Task to carry out
Among the lines below, the one containing "Different strokes for" opens the range and the one containing "#browaholic #browtiful #instabrow" closes it. Print that range exactly, without the pictures.

Provided data
::::::::::

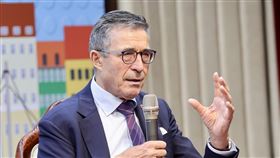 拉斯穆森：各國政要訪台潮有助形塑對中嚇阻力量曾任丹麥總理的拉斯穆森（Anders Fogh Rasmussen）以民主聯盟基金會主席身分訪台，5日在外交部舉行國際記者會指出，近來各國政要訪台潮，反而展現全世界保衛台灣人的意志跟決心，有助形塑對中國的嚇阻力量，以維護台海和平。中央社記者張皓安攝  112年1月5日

::::::::::

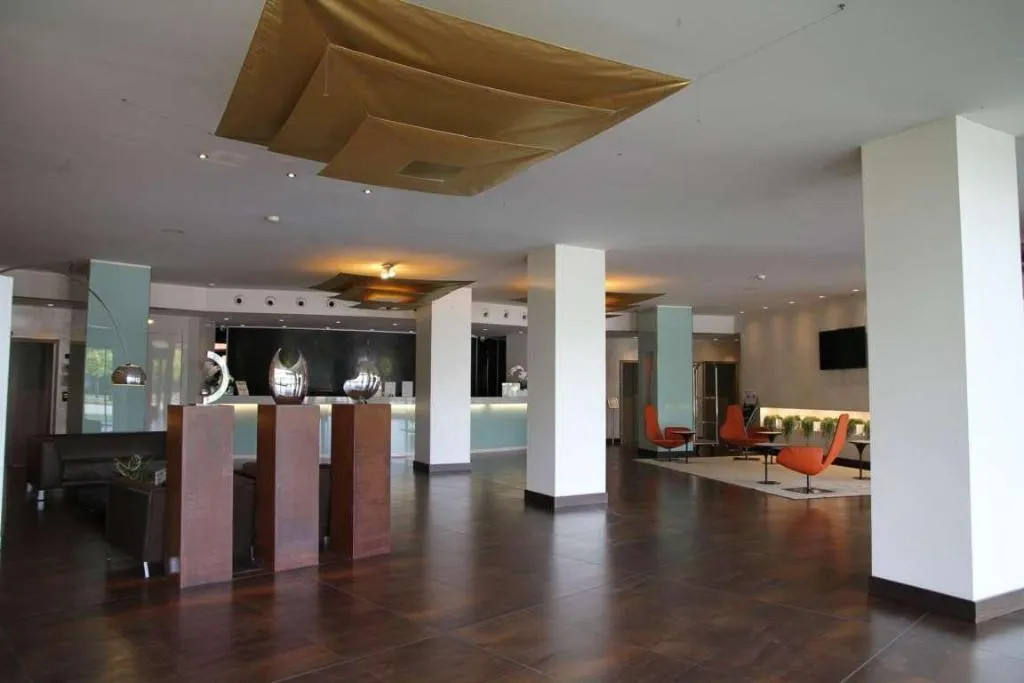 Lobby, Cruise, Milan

::::::::::

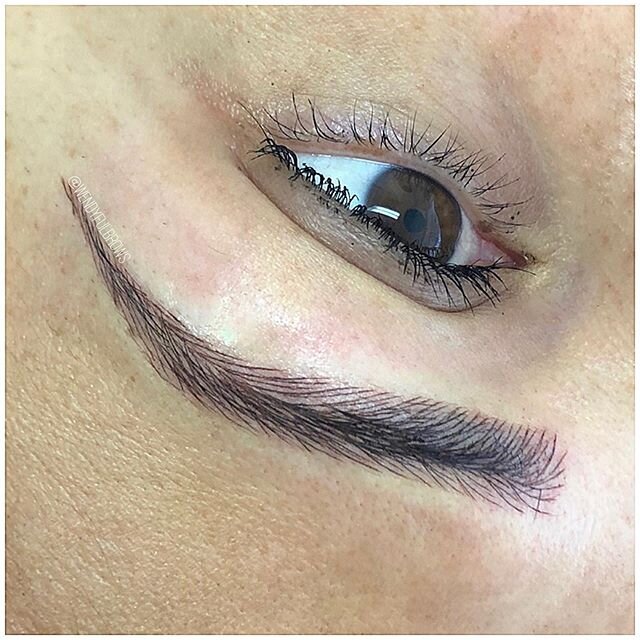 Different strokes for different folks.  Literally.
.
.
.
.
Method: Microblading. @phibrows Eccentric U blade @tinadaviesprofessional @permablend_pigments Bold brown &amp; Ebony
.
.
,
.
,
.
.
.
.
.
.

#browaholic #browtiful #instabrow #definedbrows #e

::::::::::

Exercise answer
 Different strokes for different folks.  Literally.
.
.
.
.
Method: Microblading. @phibrows Eccentric U blade @tinadaviesprofessional @permablend_pigments Bold brown &amp; Ebony
.
.
,
.
,
.
.
.
.
.
.

#browaholic #browtiful #instabrow #definedbrows #e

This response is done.